I just reformatted back to ext after messing with it for about a month, been totally fine since.
I do also assume it was something screwy with how it was handling my consumer m2
I am running a zfs raidz1-0 pool on 3 consumer nvme in my workstation, doing crazy stuff on it.
Ran zfs under proxmox with enterprise nvme and had the same issue.
It is proxmox, not zfs
That or make your system immutable
That's my current approach. Fedora Atomic, and let someone else break my OS instead of me.
TIL rm -v is a thing
Reusing names of critical system directories in subdirectories in your home dir.

I agree with this take, don't wanna blame the victim but there's a lesson to be learned.
except if you read the accompanying text they already stated the issue by accidentally unpacking an archive to their user directory that was intended for the root directory. that's how they got an etc dir in their user directory in the first place
Well at least you got to watch
Welcome to the "I have shot myself in the foot with rm" club! Take a seat anywhere!

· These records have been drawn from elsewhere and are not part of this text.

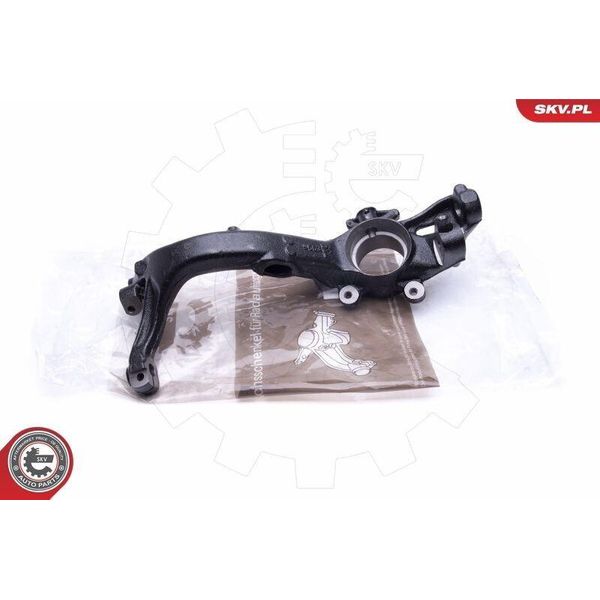 Esen Skv 47SKV151 Fuso A Snodo Sospensione Sterzo Per Vw Passat Variant (3B5) Anteriore Sinistro-image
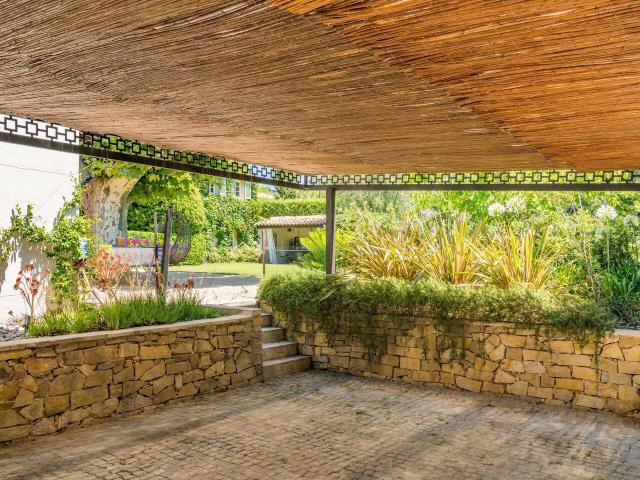 Tres Cosy Maison dans le domaine privé à Mougins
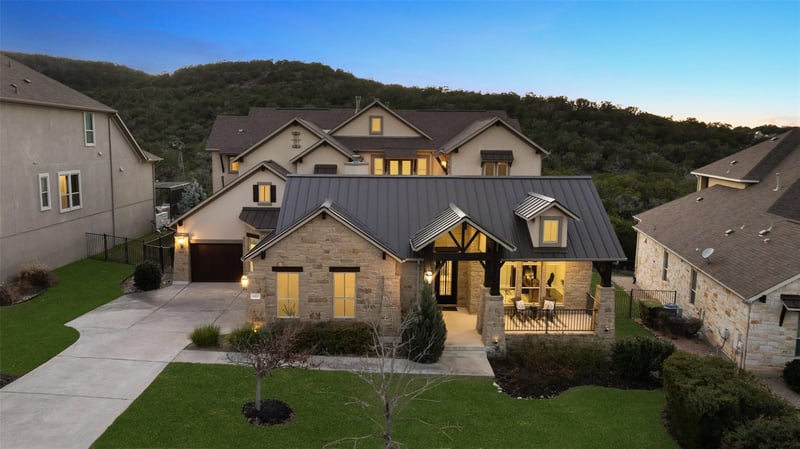 Virtual tour of 6112 Osceola TRL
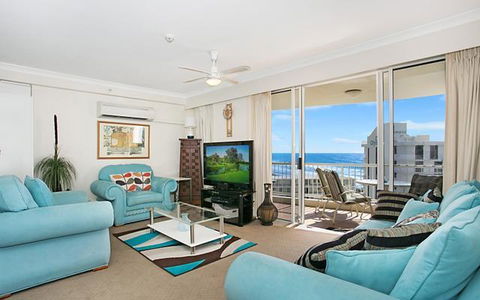 APR Private SUITES MOROC By The Beach - Sydney 4u 42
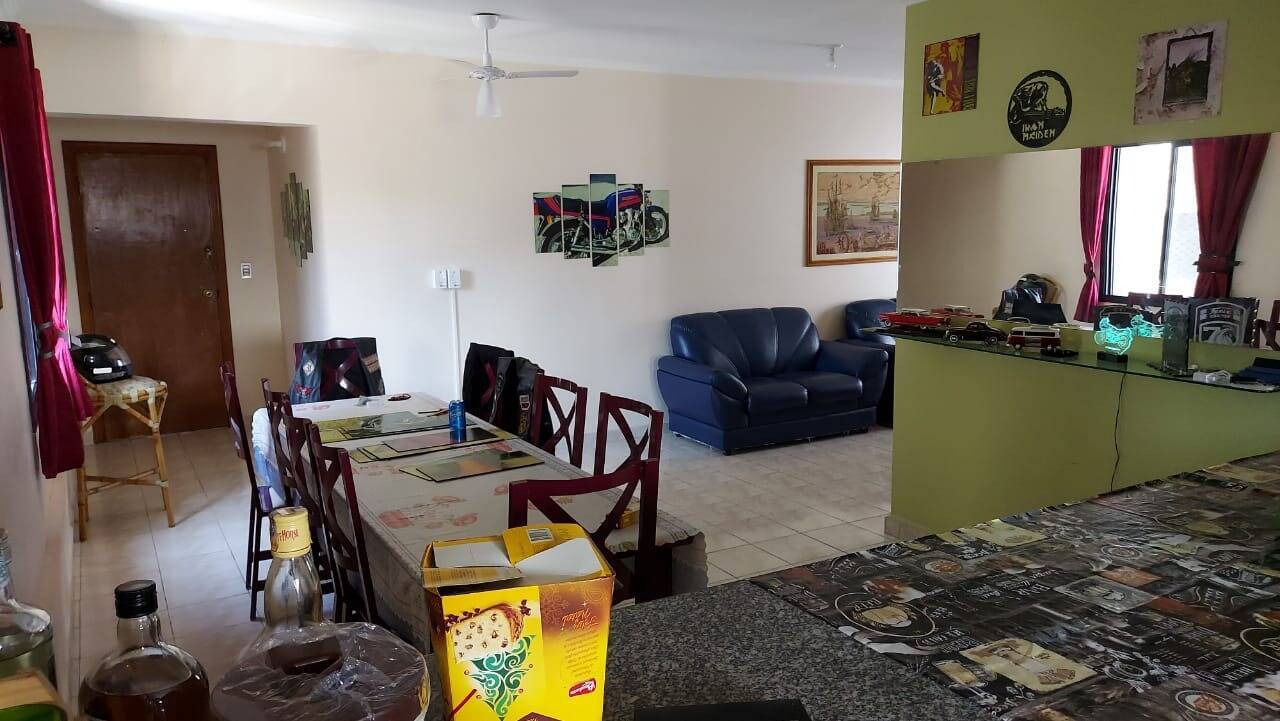 Apartamento à venda com 2 quartos, 86m² - Foto 3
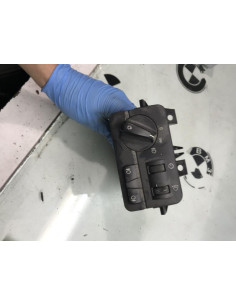 Commande de phare BMW SERIE 3 (E46) 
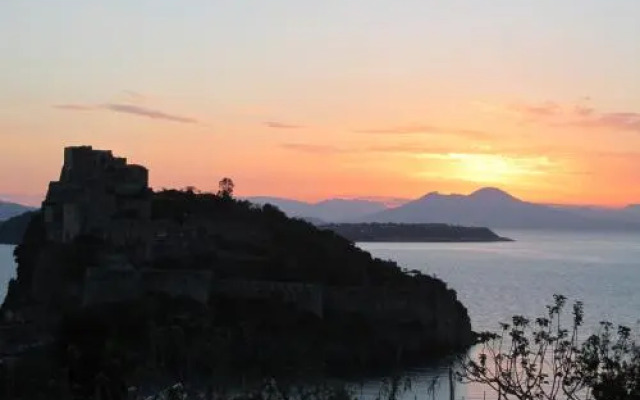 Casa Vacanze Cartaromana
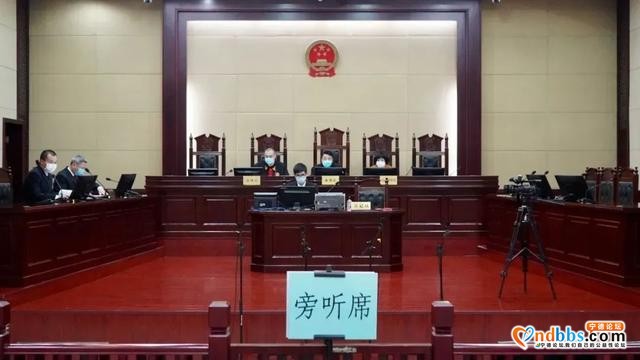 获刑5年！宁德蕉城首例妨害疫情防控案宣判-2.jpg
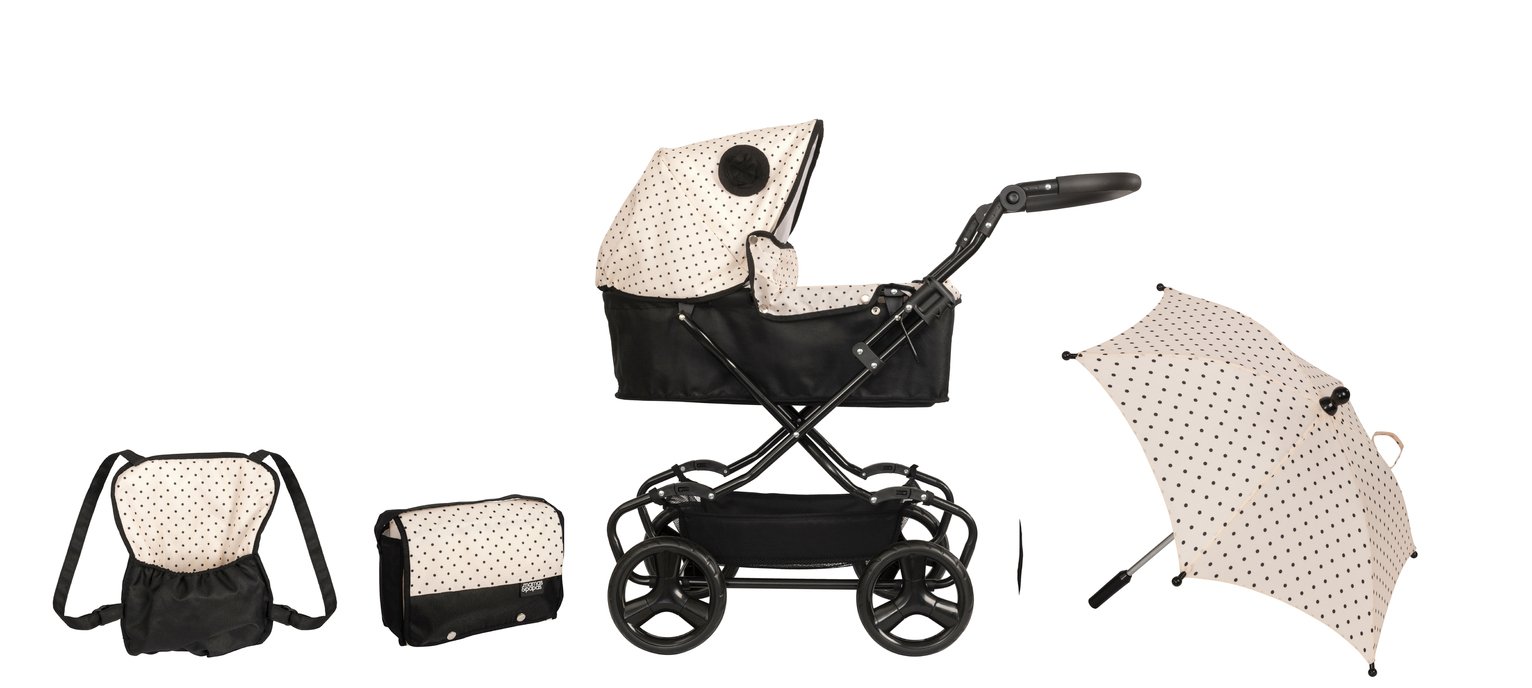 mamas & papas dolls pram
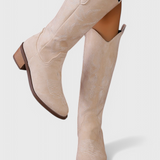 Elka Western Boty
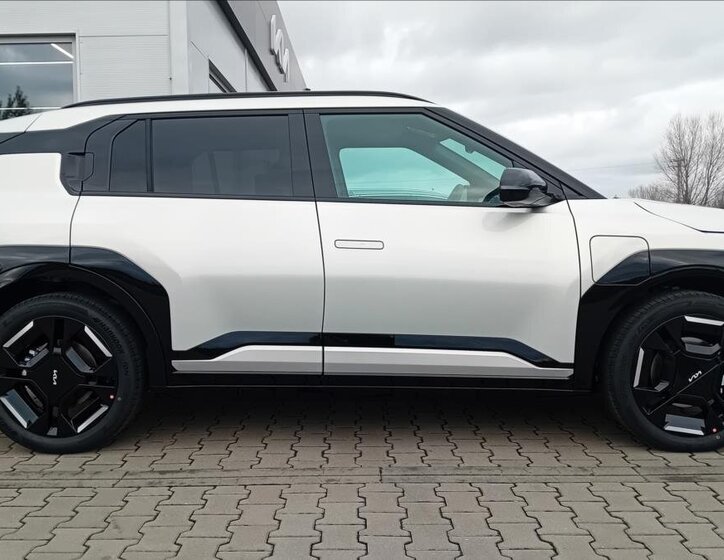 KIA EV3 CUV 0,0 150 kw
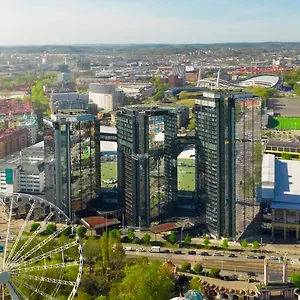 Gothia Towers & Upper House Zweden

(Mine was trying to delete the old System 9 "System Folder" by typing rm -rf System\ Folder, but instead hitting the return key when it came time to hit the \, thereby starting a deletion of the running macOS 10 operating system inside the "System" folder. It got through the c's in the second and a half or so before my frantic control-C attempts halted it. Amazingly, OS X would still boot, but no longer run Carbon apps, necessitating a complete OS reinstall, lol.)
I try to always put the -rf at the end for this reason. Not sure what works on Mac but it does allow it on most Linux shells
Linux will do what you tell it. :)

HAH rookie, I once forgot the . before the ./
o.7
Rest in peace my granny,she got hit by a bazooka
(got no clue why, but really FEELS like an appropirate reaction to have, I salute to you and your pain sir!)
DId you try CRTL-Z?
I can't type ctrl-z without reflexively typing bg after, so no joy there.
instructions on clear, switched to vi mode in bash and cant exit
You use btrfs, right? Right???
Tried the terminal emulator for the first time today, but I kinda can not get used to the fact, that I cannot move it around :(
never heard of ~/etcΒ
I accidentally untarred archive intended to be extracted in root directory
life hack: alsways make a new directory to extract something in. that way you dont have to rm a bunch of random files, and maybe sone dotfiles you'll never notice or know where they came from
Great! Now you can enjoy that freshly assembled directory feeling, knowing that now you only have the configs in there that you need.
Let he who has not wrongly deleted system critical files in Linux cast the first stone.